## [Data shown]

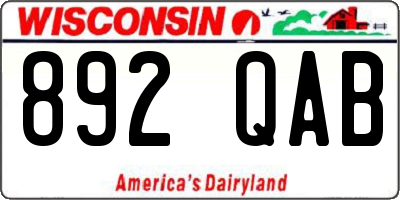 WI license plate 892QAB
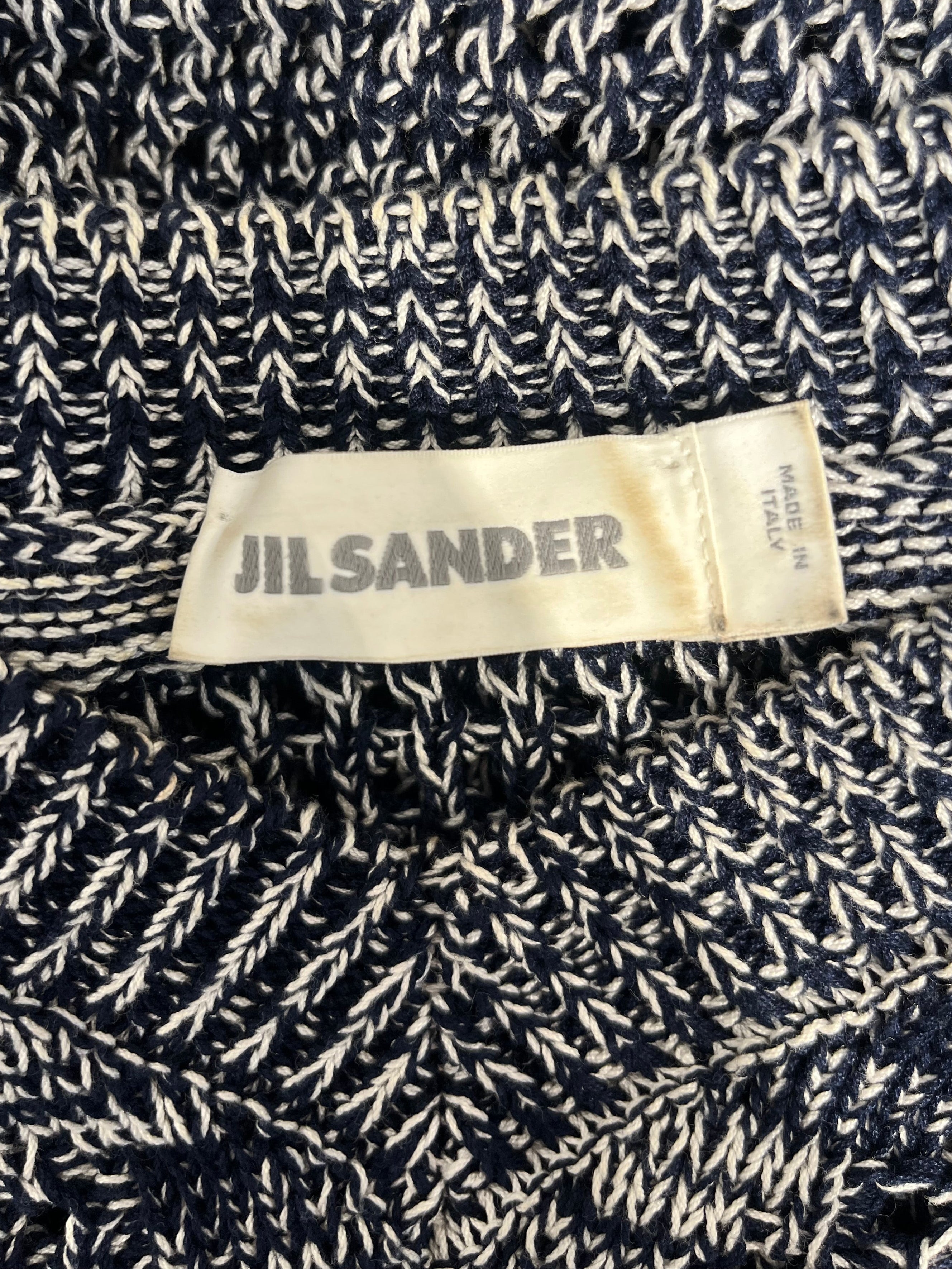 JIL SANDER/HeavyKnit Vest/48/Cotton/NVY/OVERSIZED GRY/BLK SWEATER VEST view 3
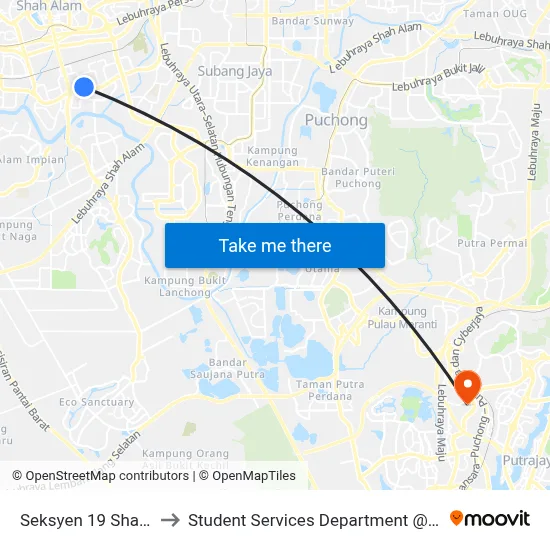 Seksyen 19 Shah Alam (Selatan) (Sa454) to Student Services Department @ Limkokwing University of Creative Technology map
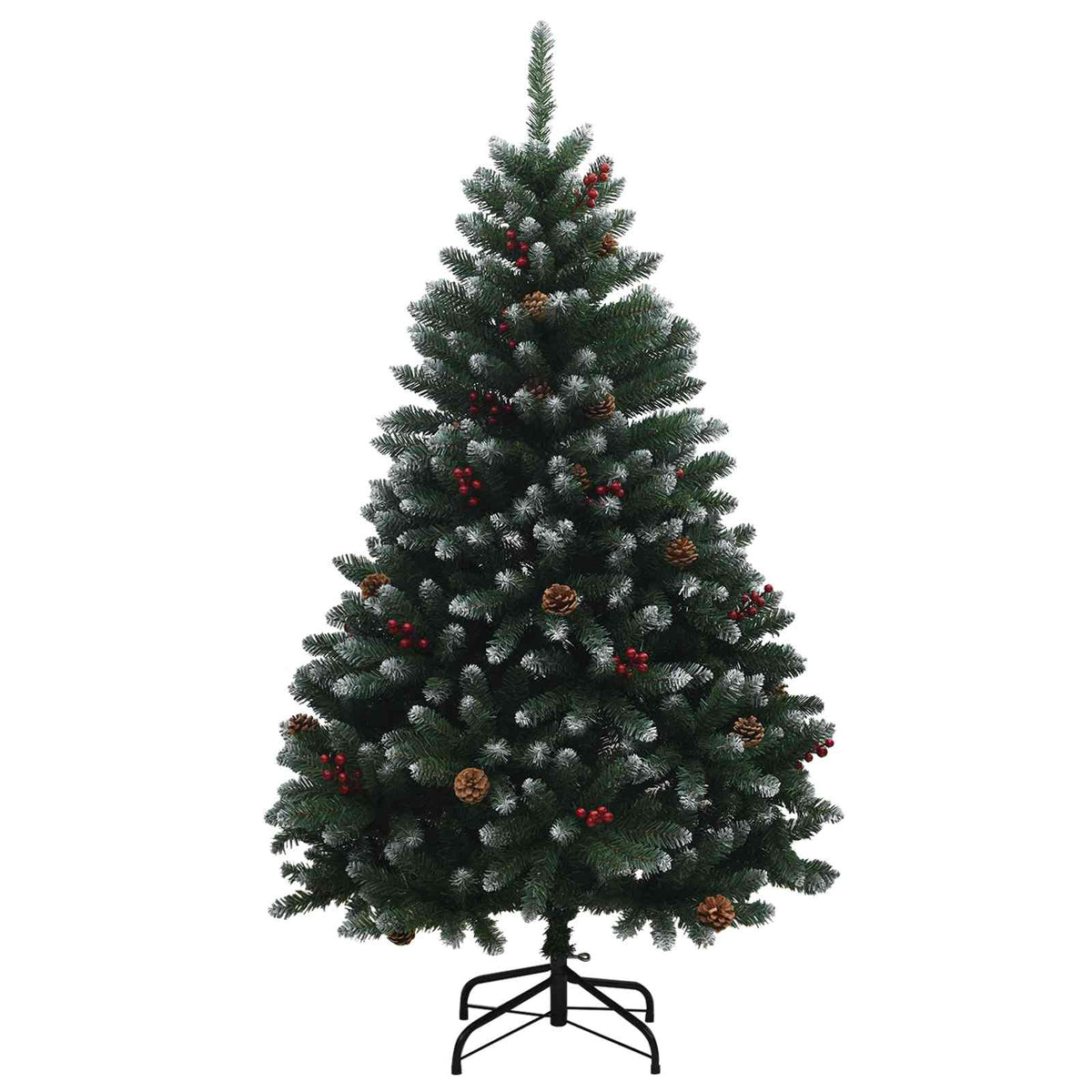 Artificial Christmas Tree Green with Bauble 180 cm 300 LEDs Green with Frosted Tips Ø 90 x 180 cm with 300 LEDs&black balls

* * *

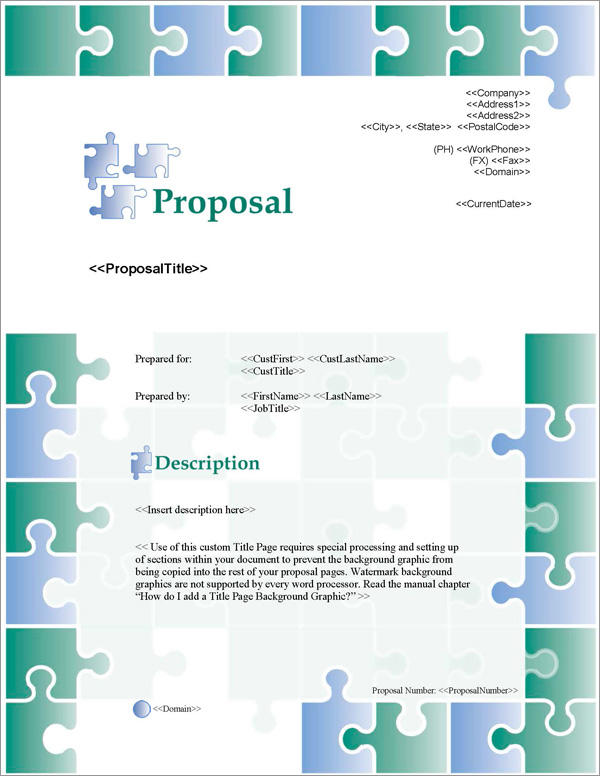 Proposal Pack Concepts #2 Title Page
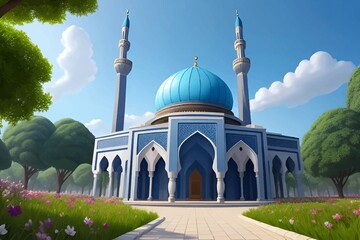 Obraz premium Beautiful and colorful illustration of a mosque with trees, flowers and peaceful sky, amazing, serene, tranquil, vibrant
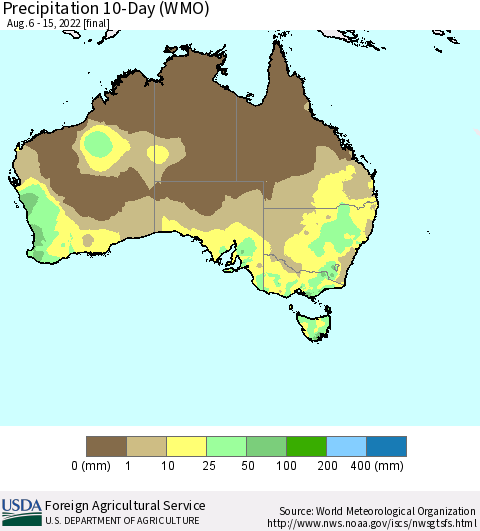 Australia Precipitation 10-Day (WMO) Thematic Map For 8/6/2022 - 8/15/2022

## [Problem description]
From the entries above, copy exactly the lines starting at the one with "WI license plate 892QAB" and stopping at the one with "Artificial Christmas Tree", keeping both ends. Drop the pictures.

## [Result for this exercise]
 WI license plate 892QAB
 JIL SANDER/HeavyKnit Vest/48/Cotton/NVY/OVERSIZED GRY/BLK SWEATER VEST view 3
 Seksyen 19 Shah Alam (Selatan) (Sa454) to Student Services Department @ Limkokwing University of Creative Technology map
 Artificial Christmas Tree Green with Bauble 180 cm 300 LEDs Green with Frosted Tips Ø 90 x 180 cm with 300 LEDs&black balls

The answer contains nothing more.